Reproduce all the material verbatim, down to the last line.

- - -

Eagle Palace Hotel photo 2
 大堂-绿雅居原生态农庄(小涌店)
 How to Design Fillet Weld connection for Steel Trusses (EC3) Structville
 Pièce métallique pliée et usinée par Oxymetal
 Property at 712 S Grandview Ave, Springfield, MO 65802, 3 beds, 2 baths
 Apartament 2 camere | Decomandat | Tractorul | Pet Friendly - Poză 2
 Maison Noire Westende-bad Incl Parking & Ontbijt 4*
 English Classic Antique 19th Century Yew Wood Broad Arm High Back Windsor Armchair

- - -

#### REPLY TO THE TASK:
Eagle Palace Hotel photo 2
 大堂-绿雅居原生态农庄(小涌店)
 How to Design Fillet Weld connection for Steel Trusses (EC3) Structville
 Pièce métallique pliée et usinée par Oxymetal
 Property at 712 S Grandview Ave, Springfield, MO 65802, 3 beds, 2 baths
 Apartament 2 camere | Decomandat | Tractorul | Pet Friendly - Poză 2
 Maison Noire Westende-bad Incl Parking & Ontbijt 4*
 English Classic Antique 19th Century Yew Wood Broad Arm High Back Windsor Armchair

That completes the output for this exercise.